Pero la masiva repercusión del ChatGPT sacudió el consenso conformista. Algo parece fuera de eje. En pocas semanas se multiplicaron las advertencias del sector público y –lo que es novedoso– de voceros notorios del ámbito privado respecto de los riesgos y la falta de controles a la IA, lo que puede traer consecuencias serias para nada menos que «la historia de la vida en la Tierra», según reza la carta abierta difundida por el Future of Life Institute (FLI) y firmada por empresarios, lobbistas y desarrolladores de tecnología encabezados por el actual dueño de Twitter, Elon Musk, Steve Wozniak (co-fundador de Apple), Jaan Tallinn (co-fundador de Skype) y Max Tegmark (MIT) en la que piden que las compañías y laboratorios de IA pausen inmediatamente durante al menos 6 meses el entrenamiento de sistemas como el ChatGPT.
Regulaciones
Desde hace ya un par de años, la UNESCO, la Unión Europea, la OCDE y gobiernos de otras regiones del mundo vienen reclamando la aplicación de «principios éticos» y, en el caso de Europa, proponiendo marcos regulatorios para las tecnologías que usan IA. Si bien el tránsito desde la adopción de una perspectiva ética hacia la consagración de derechos puede ser sinuoso, el debate sobre apropiaciones e impactos de tecnologías es condición de posibilidad para ambas.
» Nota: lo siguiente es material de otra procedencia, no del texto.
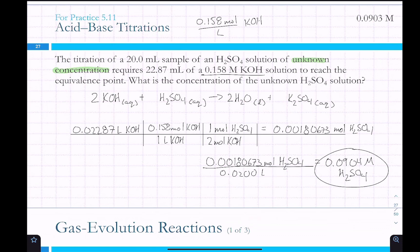Even though we added 22.87 milliliters of solution to our 20 milliliter sample, we still use just the original 20 milliliters — we want to know the concentration before we diluted or reacted it. In worksheet problems where you're mixing two things, the final combined volume is what you use for molarity calculations.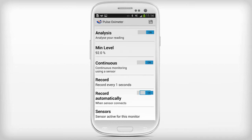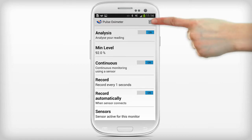Set record automatically to on if you want to record automatically when the sensor connects to MyFitness Companion. Tap on the save icon to store your monitor configuration.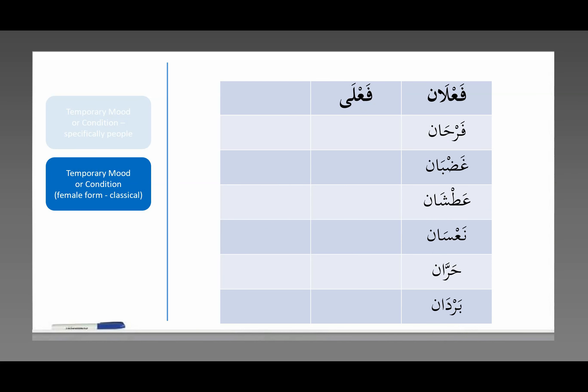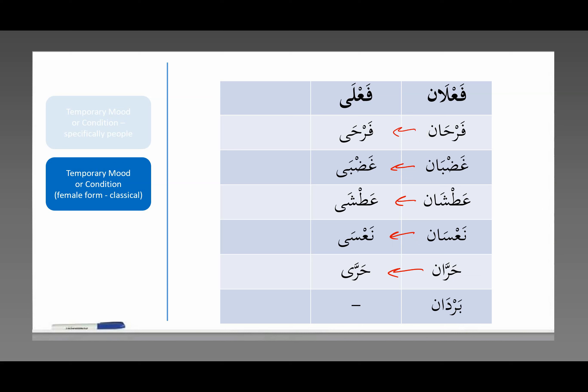Now if you want to change this to the feminine you say فَعْلَى. So فَرْحَان becomes فَرْحَى, غَضْبَان becomes غَضْبَى, عَطْشَان becomes عَطْشَاء, نَعْسَان becomes نَعْسَاء, حَرَّان becomes حَرَّى, and بَرْدَان does not become anything. The classical Arabs didn't use this word so there's no feminine form. So that's classical.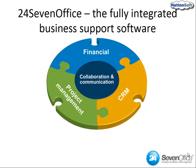In today's environment, companies that use effective tools to run their businesses can gain a competitive advantage and increase sales by having all the relevant customer detail available. Anywhere, anytime you have a browser, you can access your data on 24SevenOffice and stay ahead of your competition.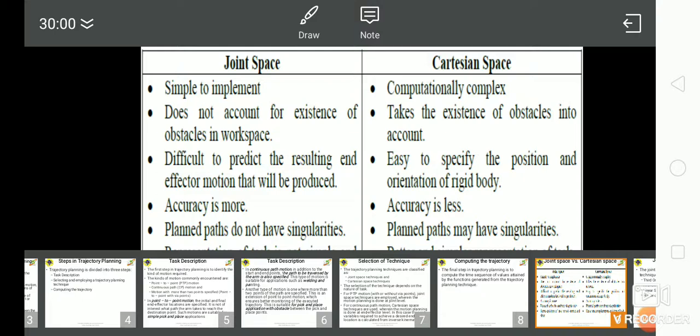In joint space, the planned paths do not have singularities. In Cartesian space, the planned paths may have singularities. In joint space, the representation of the task is not simple and clear, whereas in Cartesian space, it offers a better and simpler representation of the task.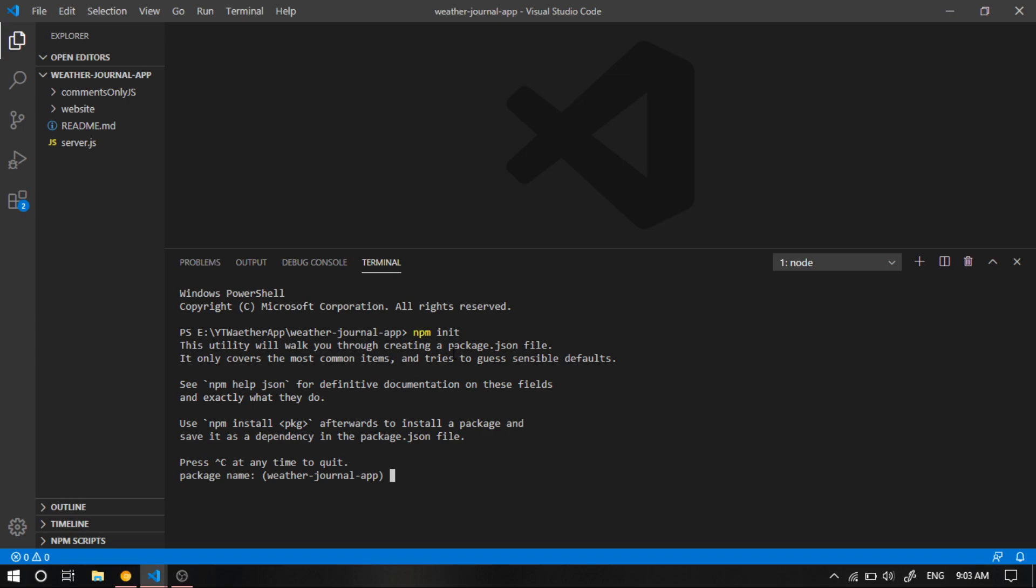First, it's gonna ask us about the package name. Now this will be the name of your package. Of course, you can name it whatever you want. It doesn't have to be something specific. In our case, I'm just gonna leave it as it is.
Para la UNESCO, junto con la ampliación de horizontes en el procesamiento de volúmenes de datos e informaciones inimaginables en fechas cercanas como los comienzos de este siglo, la IA puede conducir a un aumento de los prejuicios de género y étnicos, a amenazas significativas contra la privacidad, la dignidad y la capacidad de acción, y a peligros de la vigilancia masiva. Todo ello motivó la Recomendación sobre Ética de la IA a fines de 2021, adoptada en la Asamblea General del organismo.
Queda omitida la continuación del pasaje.